Search code examples
phpmysqlrankingbayesianrating-system

Adding an extra factor (number of clicks) to a Bayesian ranking system


I run a music website for amateur musicians where we have a rating system based on a score out of 10, which is then calculated into an overall score out of 100. We have a "credibility" points system for users which directly influences the average score at the point of rating, but the next step is to implement a chart system which uses this data effectively.

I'll try and explain exactly how it all works so you can see which data I have at my disposal.

  • A site member rates a track between 1 and 10.
  • That site member has a "credibility" score, which is just a total of points accumulated for various activities around the site. A user gains, for example, 100 points for giving a rating so the more ratings they give, the higher their "credibility" score. Only the total credibility score is saved in the database, updated each time a user performs an activity with a points reward attached. These individual activities are not stored.
  • Based on the credibility of this user compared to other users who have rated the track, a weighted average is calculated for the track, which is then stored as a number between 1 and 100 in the tracks table.
  • In the tracks table, the number of times a track is listened to (i.e. number of plays) is also stored as a total.

So the data I have to work with is:

  • Overall rating for the track (number between 1 and 100)
  • Number of ratings for the track
  • Number of plays for the track

In the chart system I want to create a ranking that uses the above 3 sets of data to create a fair balance between quality (overall rating, normalized with number of ratings) and popularity (number of plays). BUT the system should factor quality more heavily than popularity, so for example the quality aspect makes up 75% of the normalized ranking and popularity 25%.

After a search on this site I found the IMDB Bayesian-style system which is helpful for working out the quality aspect, but how do I add in the popularity (number of plays) and have it balanced in the way I want?

The site is written in PHP and MySQL if that helps.

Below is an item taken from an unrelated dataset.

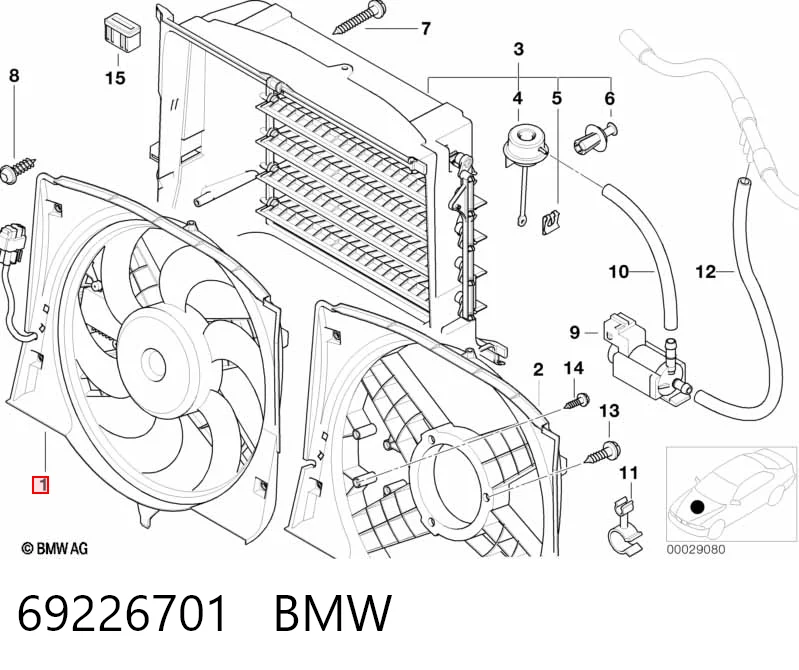 69226701 BMW Difusor do radiador de esfriamento, montado com motor e roda de aletas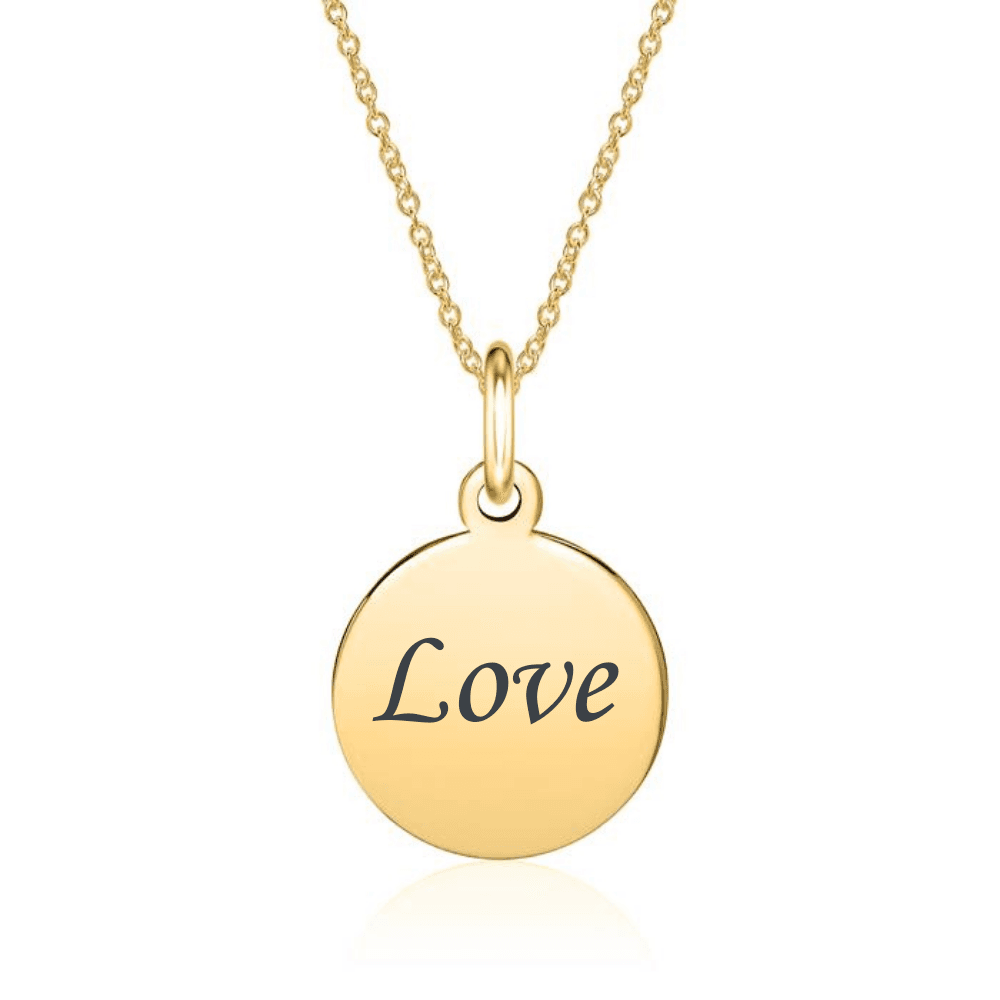 Pendentif rond argent doré personnalisé - 0915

EDIT: the title says "number of clicks" but this is basically the direct equivalent of "number of plays".


Solution

  • You may want to try the following. The IMDB equation you mentioned uses weighing to lean toward either the average rating of the movie or the average rating of all movies:

    WR = (v/(v+m)) × R + (m/(v+m)) × C 
    

    So

    v << m => v/(v+m) -> 0; m/(v+m) -> 1 => WR -> C
    

    and

    v >> m => v/(v+m) -> 1; m/(v+m) -> 0 => WR -> R
    

    This should generally be fair. Calculating a popularity score between 0 and 100 based on the number of plays is pretty tricky unless you really know your data. As a first try calculate the average number of plays avg(p) and the variance var(p) you can then use these to scale the number of plays using a technique call whitening:

    WHITE(P) = (p - avg(p))/var(p)
    

    This will give you a score between -1 and 1 by assuming your data looks like a bell curve. You can then scale this to be in the range 0 - 100 by scaling again:

    POP = 50 * (1 + WHITE(P))
    

    To combine the score based on some weighting factor w (e.g. 0.75) you'd simply do:

    RATING = w x WR + (1 - w) x POP
    

    Play with these and let me know how you get on.

    NOTE: this does not account for the fact that a use can "game" the popularity buy playing a track many times. You could get around this by penalising multiple plays of a single song:

    deltaP = (1 - (Puser - 1)/TPuser) Where:

    • deltaP = Change in # plays
    • Puser = number of time this user has played this track
    • TPuser = total number of tracks (not unique) played by the user

    So the more times a user plays just the one track the less it counts toward the total number of plays for that track. If the users listening habits are diverse then TPuser will be large and so deltaP will tend back to 1. This still can be gamed but is a good start.